Sunday, August 22, 2010

The Razor Blade Strategy

I was talking today with a friend about the razor blade strategy: give away the razor itself and make money on the refill cartridges. It's a play to reduce up-front purchasing costs for customers in order to generate revenue (usually at phenomenally high margins) on the recurring sales required to keep the originally purchased goods useable. Check out the price of a Gillette razor, the check out the price of the refill blade packs and do a little math...any guesses as to where Gillette makes their profit on the deal?

Although todays' discussion had nothing to do with ERP software, I'm always struck by how effectively the razor blade strategy works in the ERP market. Talk to the applications sales reps from any of the major players: Oracle, SAP, whoever...doesn't really matter. All those sales reps will negotiate discounts on the purchase price of software (potentially huge discounts, even to the point of giving the stuff away, if you're talking in the fourth quarter of their fiscal year). But they won't budge an inch on the recurring maintenance/support fees...it's a percentage of list price. Not the price you paid for the software, but the price at which it was listed. Why? Because they're leveraging the razor blade strategy: anything made on the original purchase price is nice, but the real value of the deal for these sellers comes in the very-high margin recurring maintenance fees.

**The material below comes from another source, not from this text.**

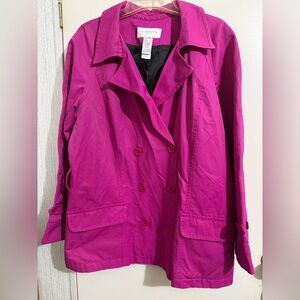Liz Claiborne Petite Women's Fuchsia Double-Breasted Trench Coat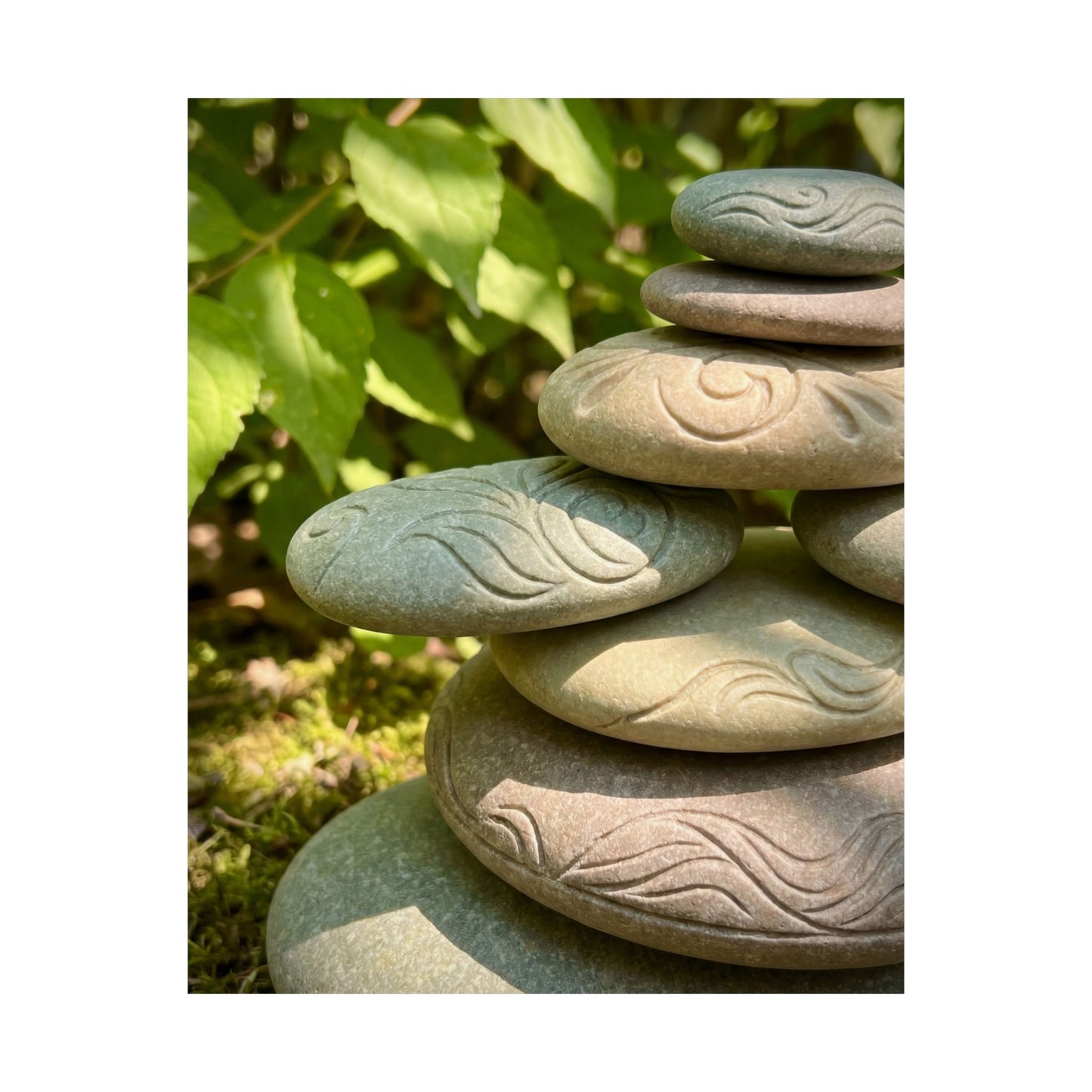 Dappled River Stones Wall Art Print - Japandi Fukinsei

There's nothing unethical or dishonest about the razor blade strategy. I'm just fascinated by the way it plays out in different markets...razor blades, ERP software, and many others. Nothing like building up a massive annuity. And everybody has to shave, right?

1 comment:

editor said...

Yes, it's how many software vendors make their money, on the backend via this annuity. Once the application is in production, the customer is unlikely to migrate to another platform or application, so they keep paying the maintenance/support.